I hadn't, so I didn't know what to expect when I arrived Tuesday at Okoboji Summer Theatre for opening night. I have been reviewing plays and musical performances for nearly 30 years so I realize I have become a theatrical snob of sorts. I expect much too much sometimes. This week's play at OST is one I will not soon forget. It was plainly and simply ... WOW!
Janice Goldberg was lured here from New York City to direct the play written by her good friend and fellow New Yorker Arlene Hutton. Goldberg was recently awarded the Kennedy Center Gold Medallion Award for her work with new plays.
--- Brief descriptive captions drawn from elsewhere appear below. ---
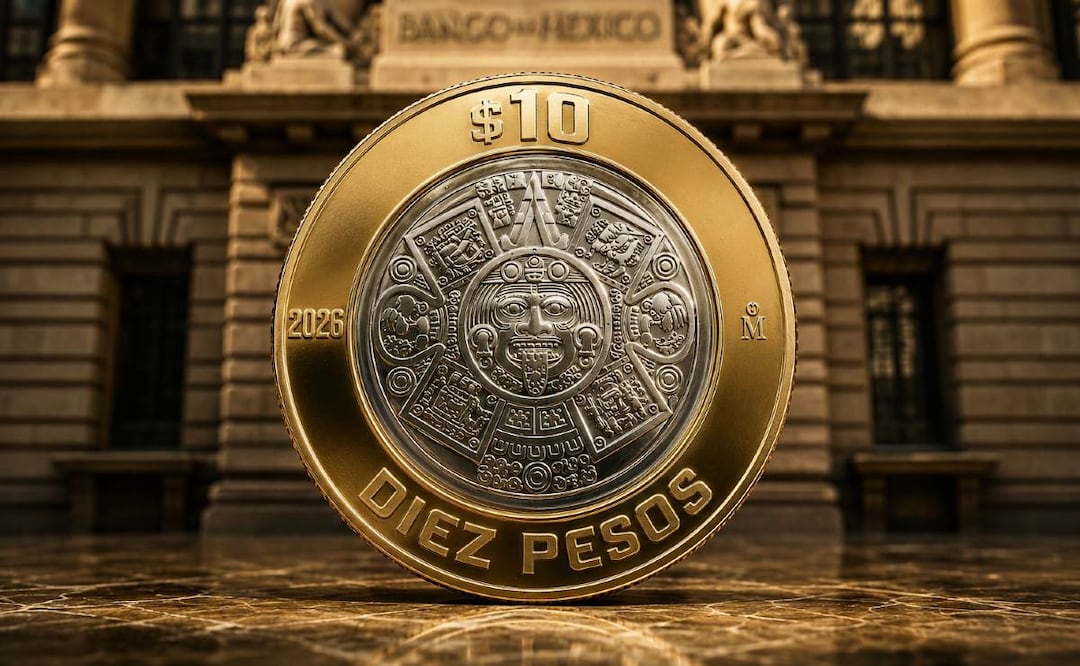 ¿Siguen vigentes las actuales monedas de 10 pesos? Hacienda y Banxico aclaran cambios en el metal. (Foto: Creada con IA)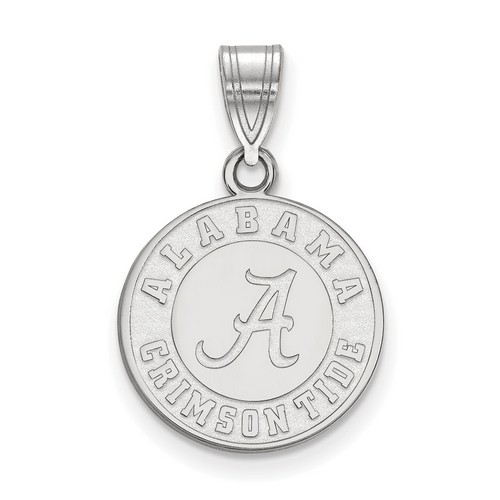 University of Alabama Crimson Tide Medium Pendant in Sterling Silver 2.21 gr
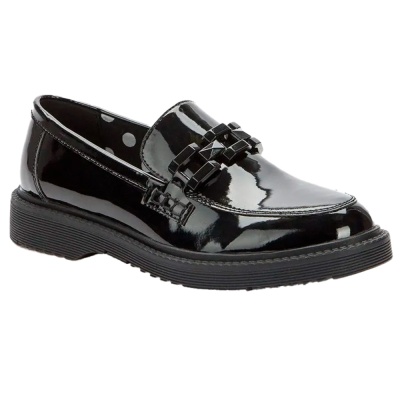 Туфли для девочки Keddo 518133/03-02 черные Туфли для девочки Keddo 518133/03-02 черные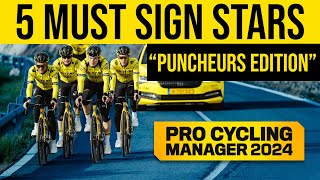 Pro Cycling Manager 2024 WONDERKIDS  5 PUNCHEURS You Should Sign [upl. by Magavern]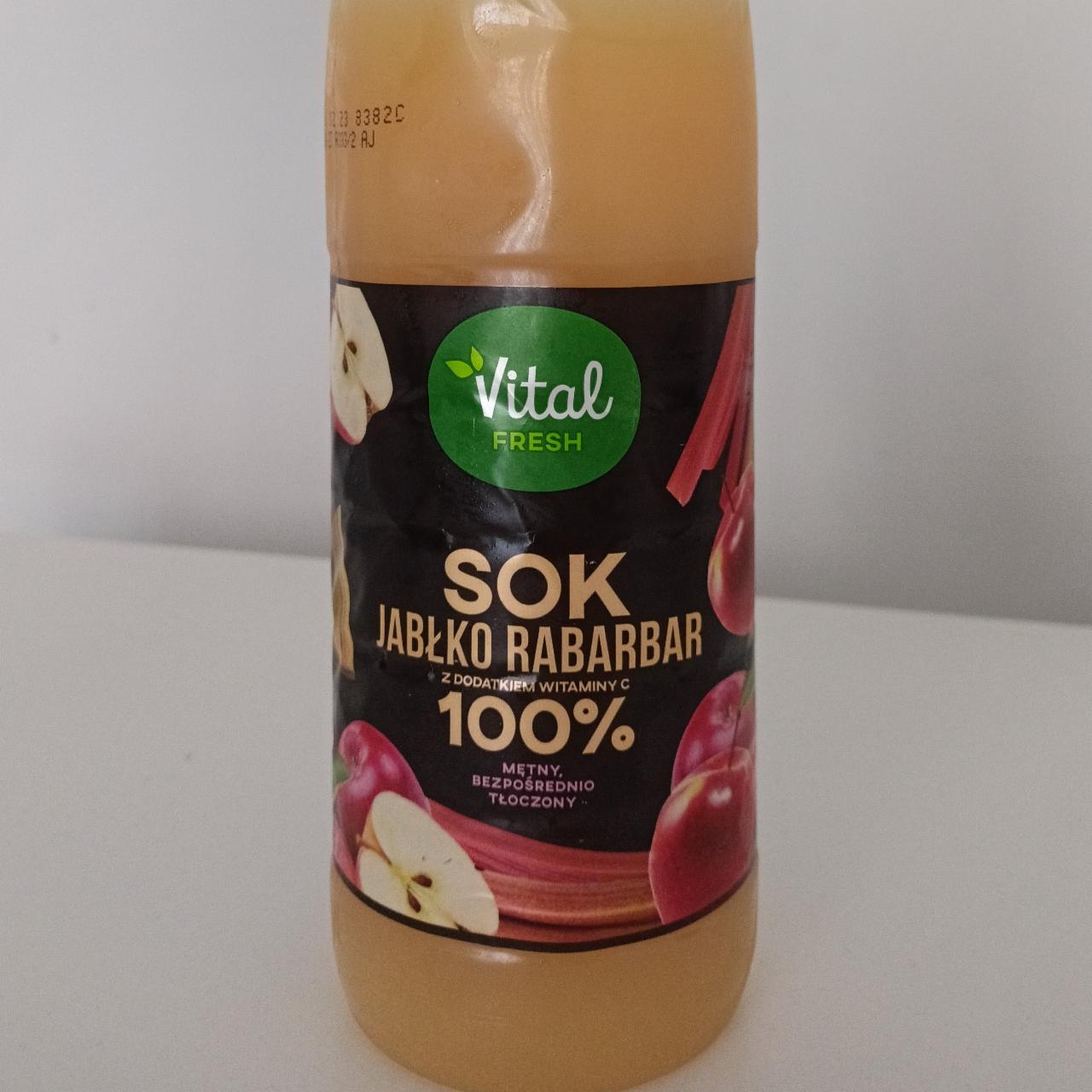 Zdjęcia - Sok jabłko rabarbar 100% Vital Fresh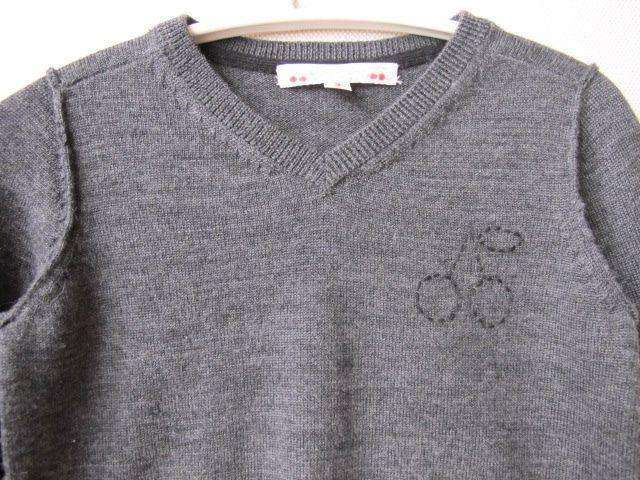 BONPOINT BABY GREY CHERRIES SWEATER 3 YEARS - Image 4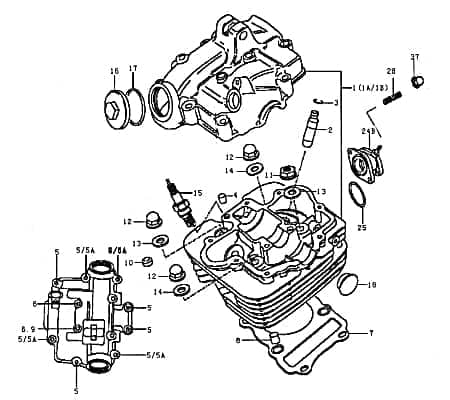 Kreidler Supermoto Enduro 125 Führungshülse 125ccm 4Takt 09206Q080806 Motorroller.de 8x11mm Führungsbuchse Arretierhülse Arretierbuchse Führungs-Hülse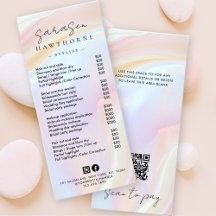 Opal Price List Holographic Scan to Pay QR Code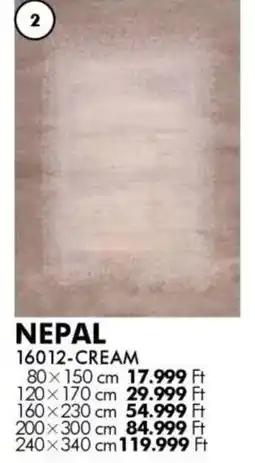 Diego Szőnyeg Nepal Cream ajánlat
She took this new work of Hutton's and turned it into a masterpiece theatrical experience for us as well as the students from Stephens College here to learn theatre this summer.
There are only two members of the cast of "Last Train." Professional actor Courtney Crouse came from Chicago to play Raleigh. Stephens student Shannon Cox portrayed May.
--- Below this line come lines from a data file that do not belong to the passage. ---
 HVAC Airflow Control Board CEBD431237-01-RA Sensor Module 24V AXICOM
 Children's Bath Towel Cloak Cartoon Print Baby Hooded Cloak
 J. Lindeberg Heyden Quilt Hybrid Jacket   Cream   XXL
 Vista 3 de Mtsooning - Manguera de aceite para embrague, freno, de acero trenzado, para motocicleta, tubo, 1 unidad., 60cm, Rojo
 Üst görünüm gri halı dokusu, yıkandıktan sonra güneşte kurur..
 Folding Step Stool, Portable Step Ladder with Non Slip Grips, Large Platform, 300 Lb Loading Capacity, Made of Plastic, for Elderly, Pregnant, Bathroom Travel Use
It is a love story about two people and their complicated journey to a romantic relationship prior to and during World War II. Needless to day, with only two characters, they had mega amounts of lines to memorize. However, memorizing perfectly doesn't necessarily lead to success. Crouse and Cox were brilliant in their roles!
They received a much deserved standing ovation at the end of the opening show. Their instinct for timing and playing off each other was amazing to watch. There are several humorous parts of the story line, but it didn't take those of us in the seats more than a few minutes to become involved in their struggles. The story line was compelling and they played it magnificently.
There is a tremendous amount of pressure placed on a story with only two characters. Director Goldberg had major assistance from Scenic Designer Brandon PT Davis. The set was simple, three-dimensional and totally effective. Bravo to Davis!
Another bravo to costume designer Kristin Cook. The purple suit and hat worn by Cox in the first scene were beautiful and screamed 1940. I wonder where they found those perfect shoes. The two characters changed clothes for each of the three scenes and all the attire was vintage early 1940s including the footwear!
Four college students were similarly attired to implement the minor set changes needed between scenes. While none of them spoke a word, their attire and actions added to our realization of what was going on in the story.
There is no intermission and for a very good reason. By the end of the first scene you are so into the story that any intermission would be counter-productive. Be sure to use the facilities before the show begins because, trust me when I say, you are not going to want to leave. You could miss something very important.
"Last Train" teaches us about how little was known about epilepsy back in the 40s, it teaches us about small town Kentucky or Iowa or anywhere where people know everything about each other or at least think they do.
OST teaches us through "Last Train" that live theatre is a wonderfully unique experience. This show is live theatre at its very best. Top caliber acting, directing, scenic design and costumes help tell a poignantly beautiful love story that even the men in the audience responded to without thinking "chick flick" for even a moment. This is a romantic story for both sexes about resilience and love.
"Last Train to Nibroc" is magnificent! It runs through Sunday night. Don't miss it!